My Baby’s unique and hypnotic sound fuses elements of blues, funk, soul and country

Before the main event, support act Jez Hellard and Nye Parsons provided some excellent folk that warmed the crowd up nicely. Hellard providing the vocals and guitar whilst Parsons accompanied him on cello. With Hellard’s preacher-esque vocal style reminiscent of Nick Cave, they ended on a hypnotic tango with Hellard playing harmonica. 

The crowd were instantly hooked as My Baby began their set with an energetic rendition of Make a Hundred from 2017’s Prehistoric Rhythm – confirming suspicions that this was going to be one sweat-soaked gig. 

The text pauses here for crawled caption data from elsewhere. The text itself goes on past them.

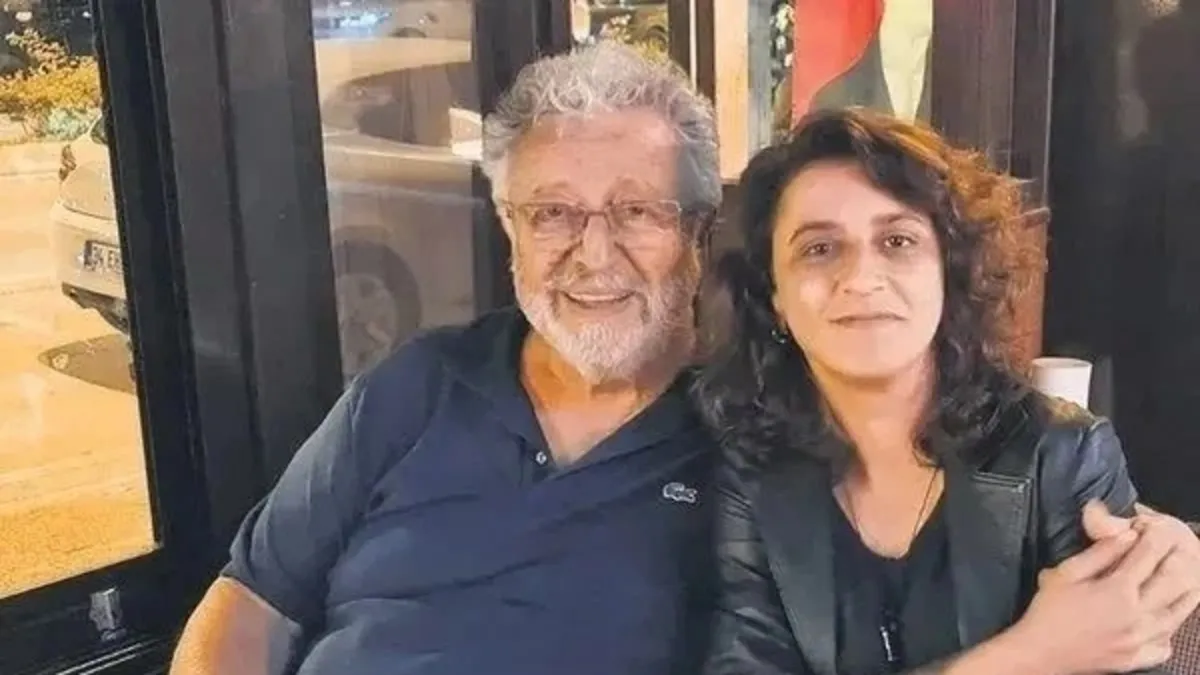 Metin Akpınar'ın bir kızı daha varmış! DNA testi sonuçlandı! Duygu Nebioğlu'ndan olay yaratacak sözler...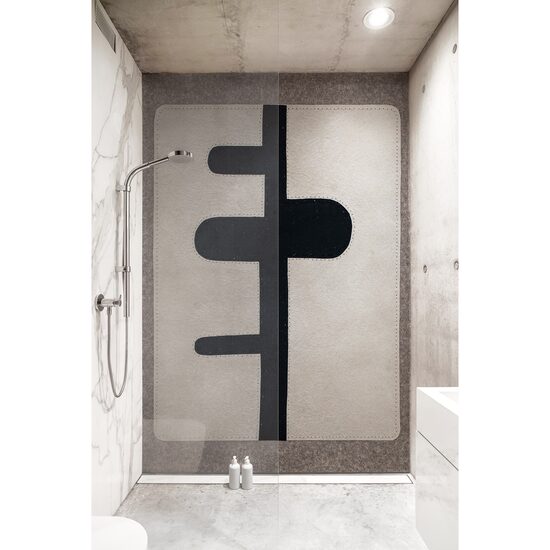 Wall&decò tapet baie Hic et Nunc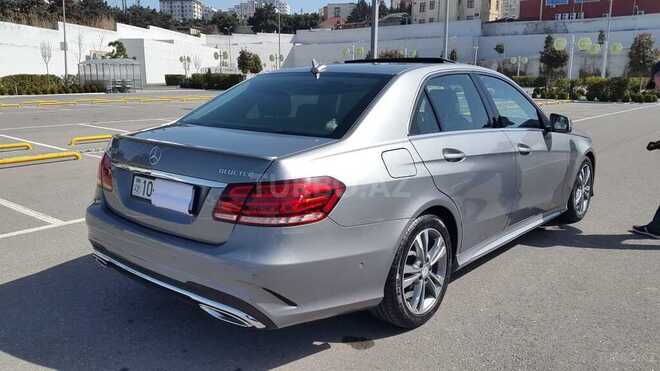 Mercedes E 250 2013, 118,000 km - 2.2 l - Bakı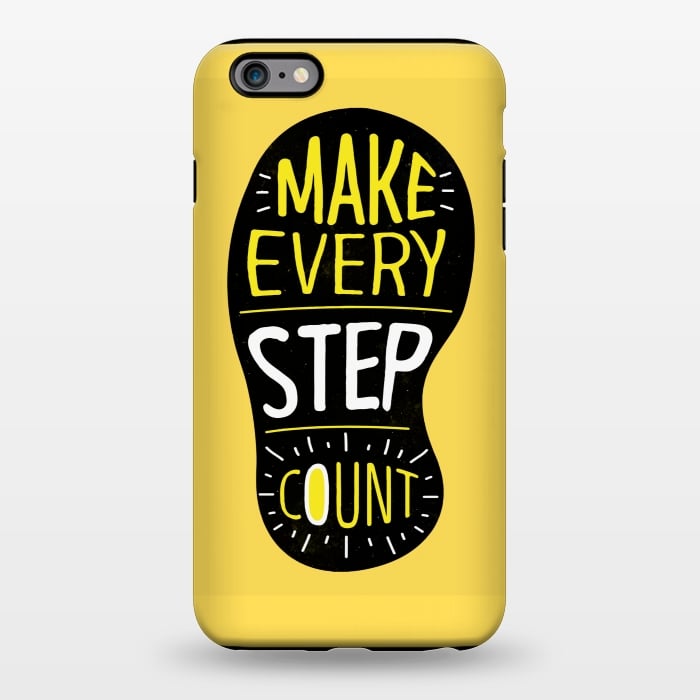 iPhone 6/6s plus StrongFit make every step count by MALLIKA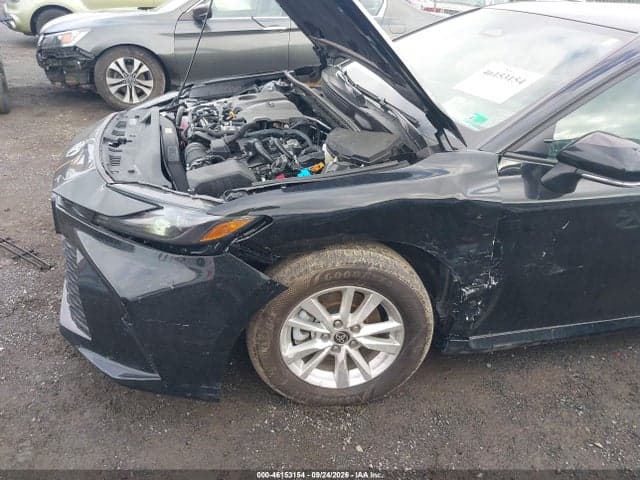 2025 TOYOTA CAMRY LE 6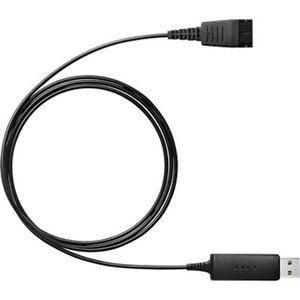 Jabra 230-09 Cable Accesorio Negro Alta Calidad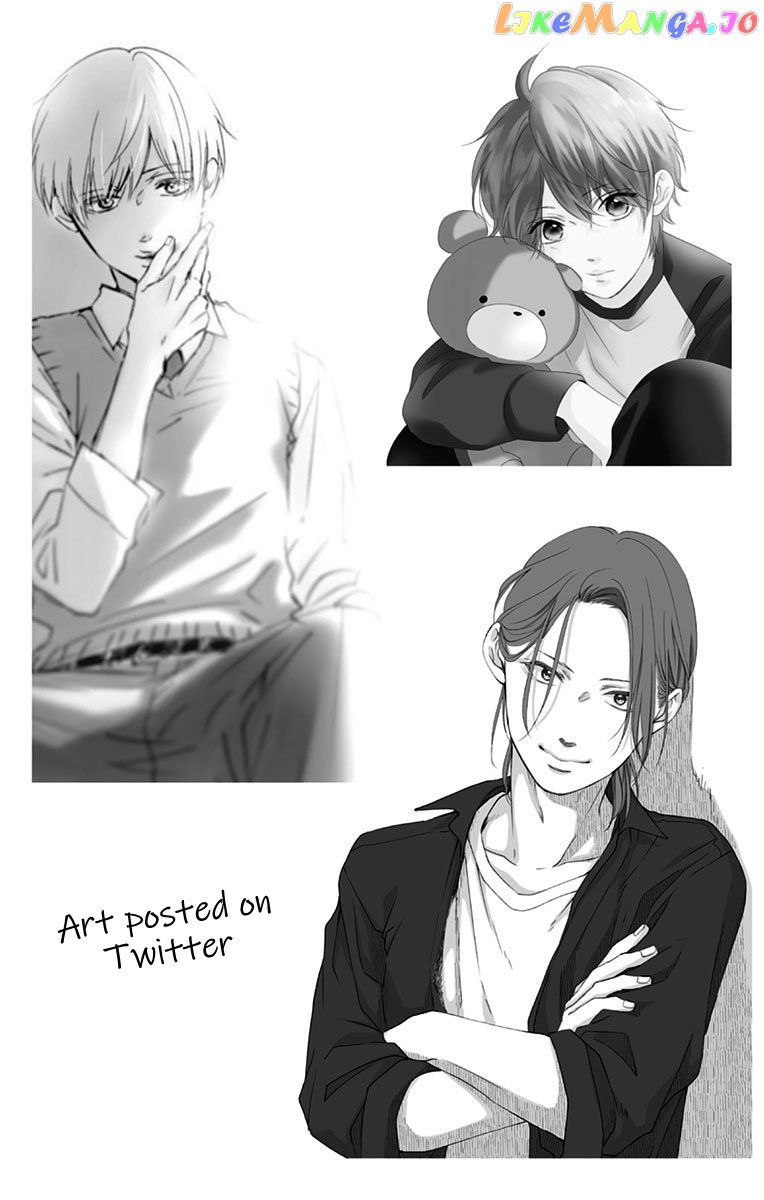 Kono Oto Tomare! Sounds Of Life chapter 95.5 - page 20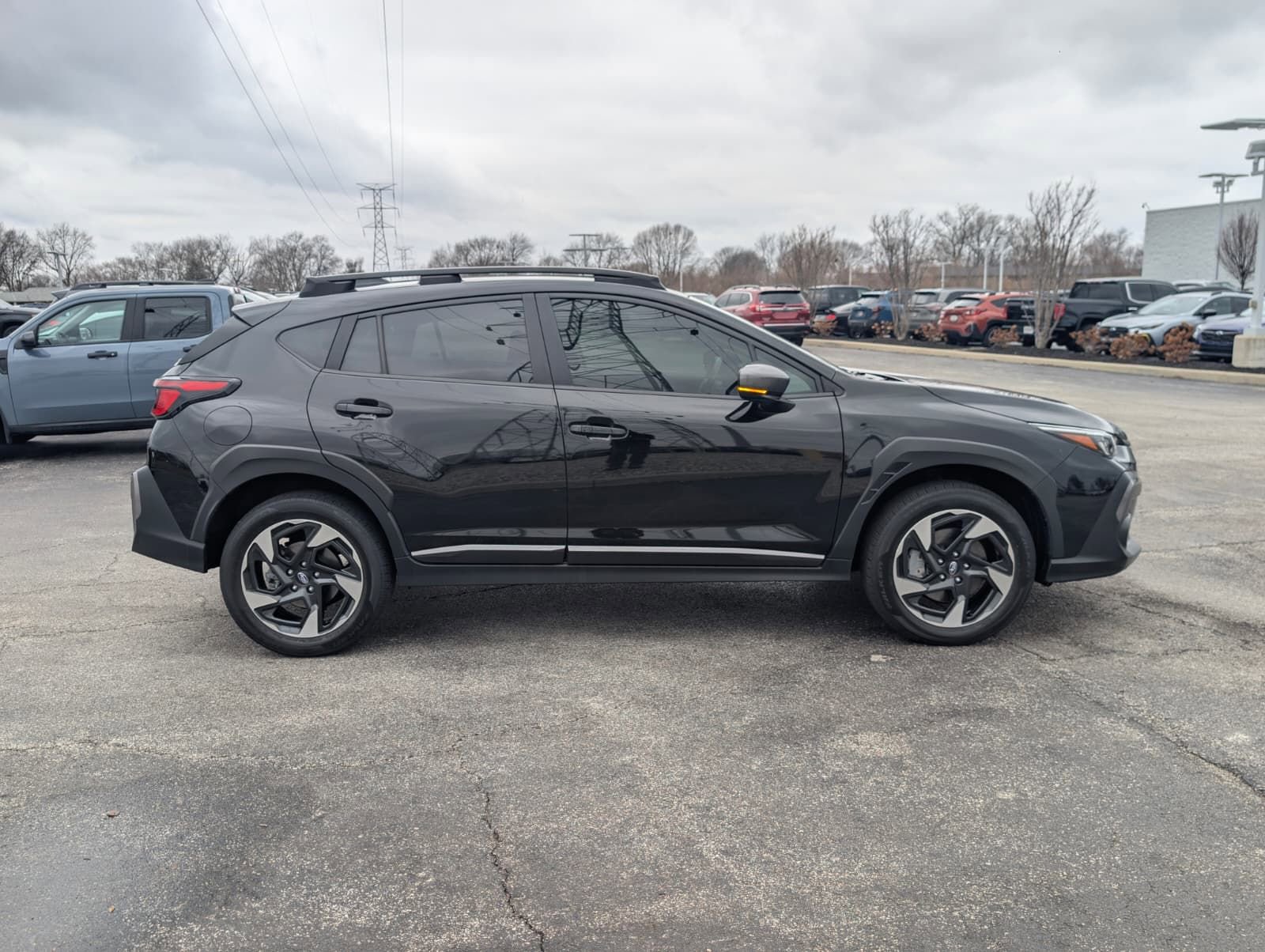 Certified 2024 Subaru Crosstrek 2.5i Limited image 7
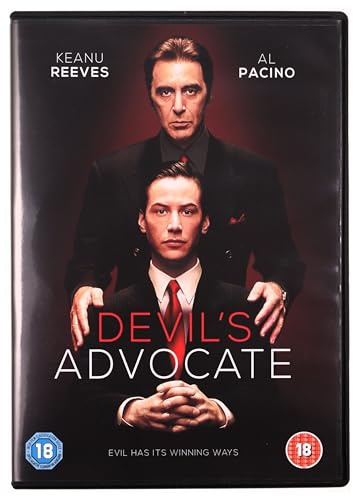 Devil's Advocate [DVD] [1997]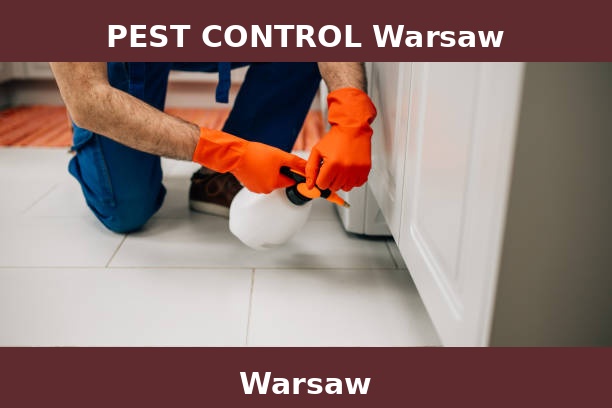 PEST CONTROL Warsaw
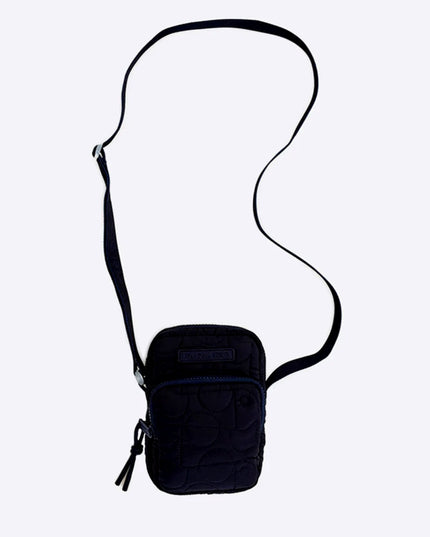 Bolsa Farm Da Gema Puffer Marinho
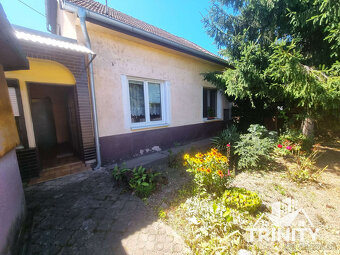 Na predaj 3-izbový podkrovný rodinný dom s garážou v meste N - 2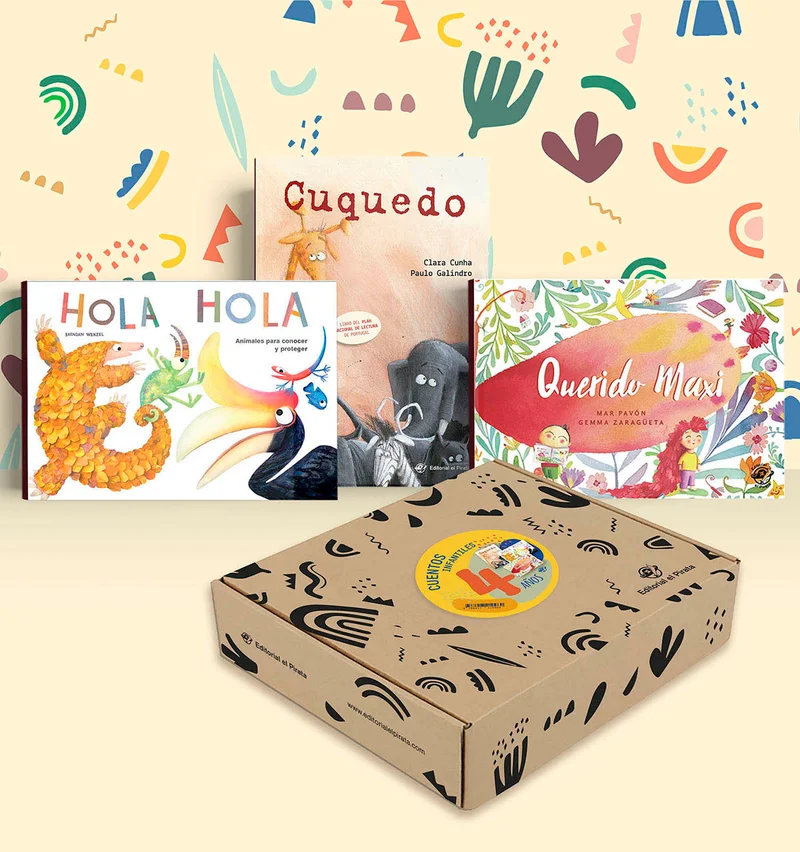 Cuentos infantiles 4 años
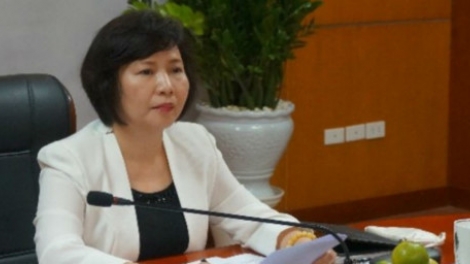 Những vi phạm, khuyết điểm của Thứ trưởng Bộ Công thương Hồ Thị Kim Thoa là nghiêm trọng, đến mức phải xem xét thi hành kỷ luật (Thời sự chiều 3/7/2017)
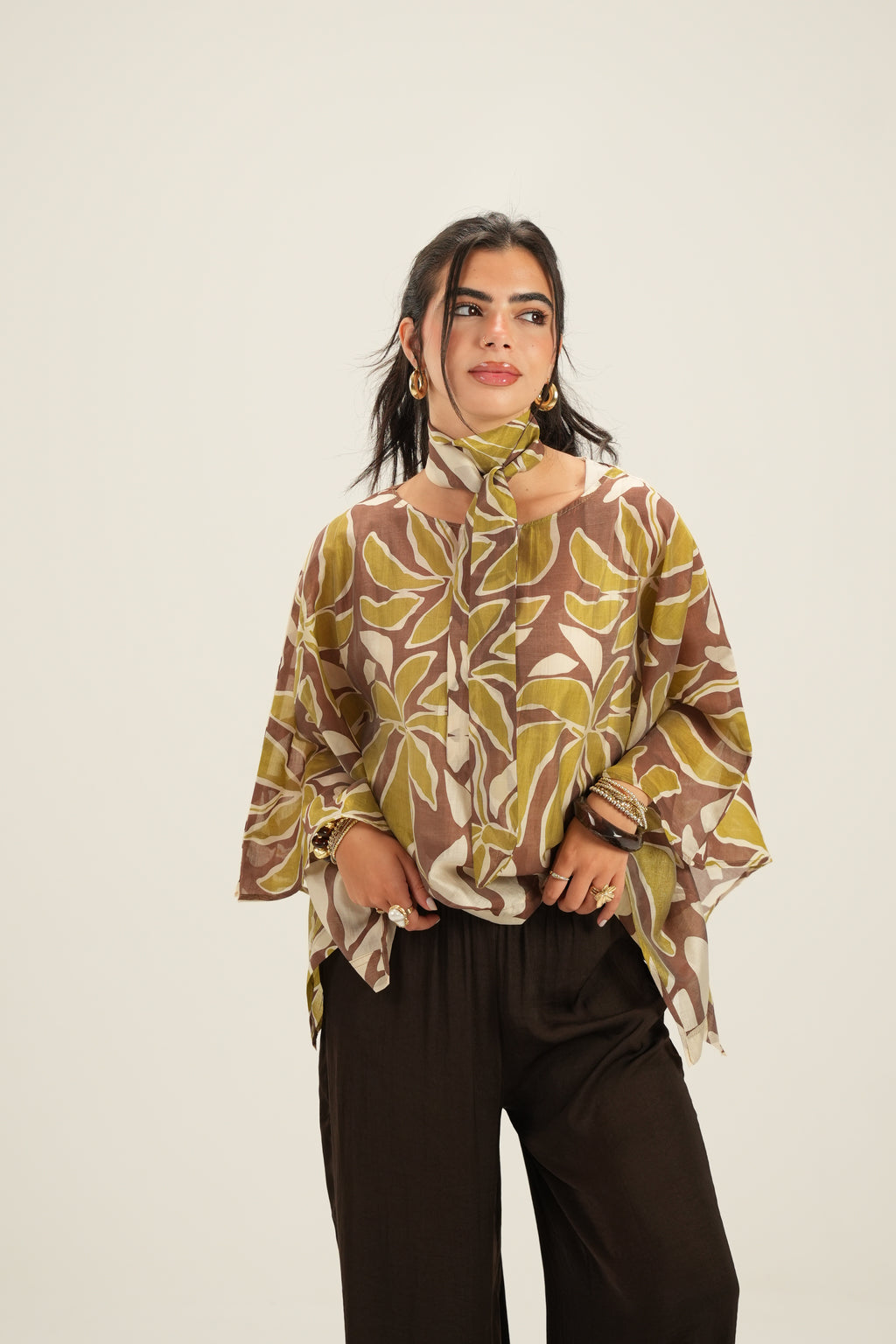 Island Girl Summer Poncho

confirming suspicions that this was going to be one sweat-soaked gig

Just one of the many treats of the night were Cato’s outfit changes, emerging first as some sort of ancient Greek moon goddess with a jewelled necklace on her forehead and gladiator sandals, before later changing into a black 1920s style bob wig and a back flapper dress. 

The band have excellent chemistry with each other and it was heartwarming to see them smiling at each other and feeding off of one another’s energies. Joost singing ‘It’s a family affair’ to Cato – a tribute, we’re guessing, to the man who discovered them in 2012, the PR manager of Sly and the Family Stone’s Larry Graham. 

Cato’s voice is pure and sweet, her lilting harmonies transporting punters to higher stratospheres of aural euphoria, while Joost’s technically on point drumming interlaces with Johnston’s expert banjo. 

Cato’s voice is pure and sweet, her lilting harmonies transporting punters to higher stratospheres of aural euphoria

Next came Luminate and then Electrified; Cato belting out the song’s lyrics ‘I’ll break free for you’ seemed particularly apt for the band who’ve clearly broken free from any defined sound. Cato re-appeared, this time wearing a silver and gold sequinned catsuit, transporting us to the seventies with some Parliament Funkadelic-esque funk. 

My Baby ended their set on an extended version of their hit Seeing Red from album Shamanoid. Beginning with their typical Louisiana deep south blues style, before transcending into funky blues madness, My Baby took us on a psychedelic journey through space and time; Johnston treating us to some excellent slide guitar.

My baby returned for the encore with Uprising and then Love Dance, we were transported to North Africa with its elements of Morroccan Gnawa. 

transcending into funky blues madness, My Baby took us on a psychedelic journey through space and time

There’s no denying Cato is the real star of the show; talented and deeply magnetic, she makes the perfect front woman. Changing her instruments even more than her outfits, we saw her play three different guitars, an electric violin and a keyboard – and making it look as effortless as breathing. 

The antithesis of a sit down gig, I would highly recommend catching My Baby next time they play, as you won’t be able to resist leaping around to their catchy blues riffs. My Baby’s eclectic sound clearly has a wide appeal, with the jiving audience made up of old and young. My Baby proved, for me, one of Bristol’s live music highlights of 2018.